- [Goal of the exercise]: Given the records underneath, please repeat exactly the lines from the line with "Escritorio blanco y silla naranja" through the line with "Safavieh MRB644F-4 rugs - View #3", passing over any picture.

- [Material supplied]:
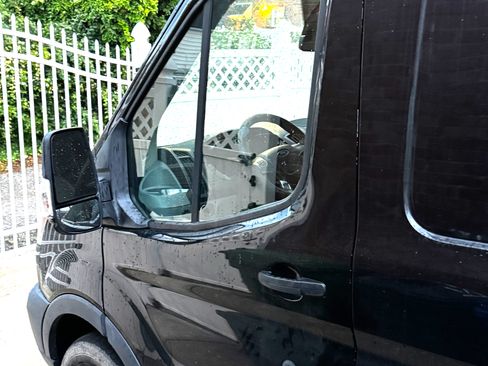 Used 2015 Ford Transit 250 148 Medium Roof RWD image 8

...

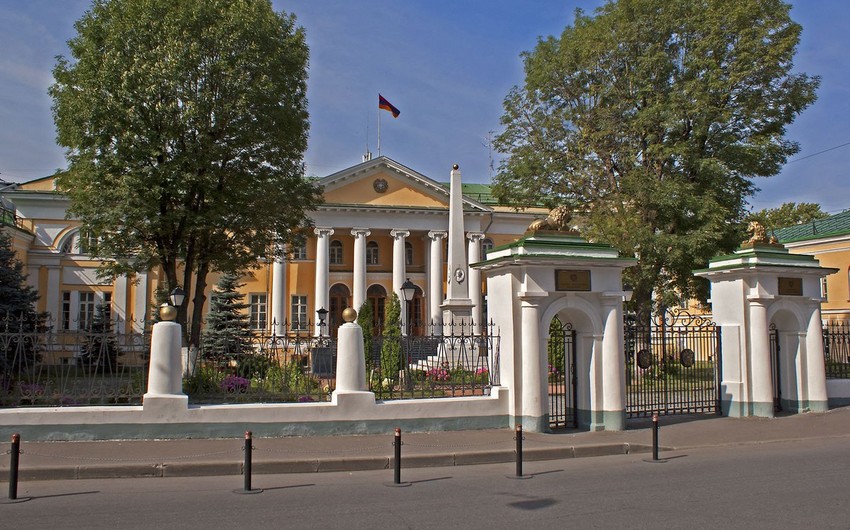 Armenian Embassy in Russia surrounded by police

---

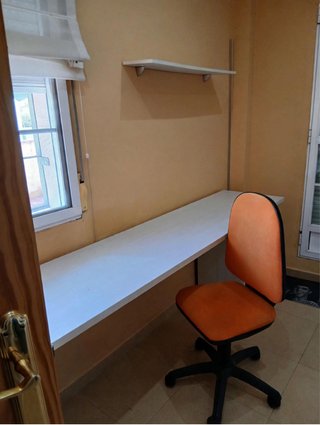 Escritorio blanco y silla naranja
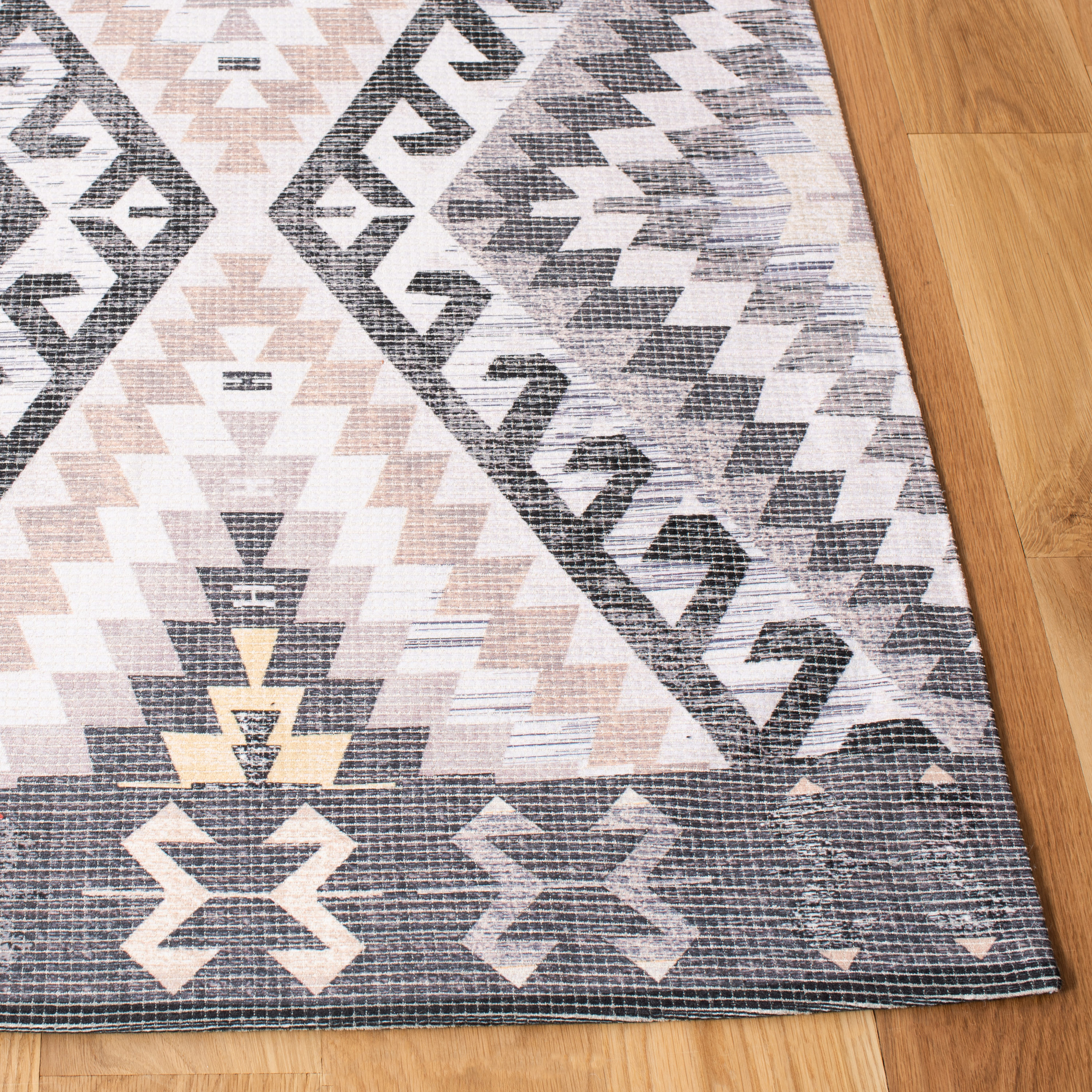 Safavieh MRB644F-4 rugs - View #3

- [Result of the exercise]:
 Escritorio blanco y silla naranja
 Safavieh MRB644F-4 rugs - View #3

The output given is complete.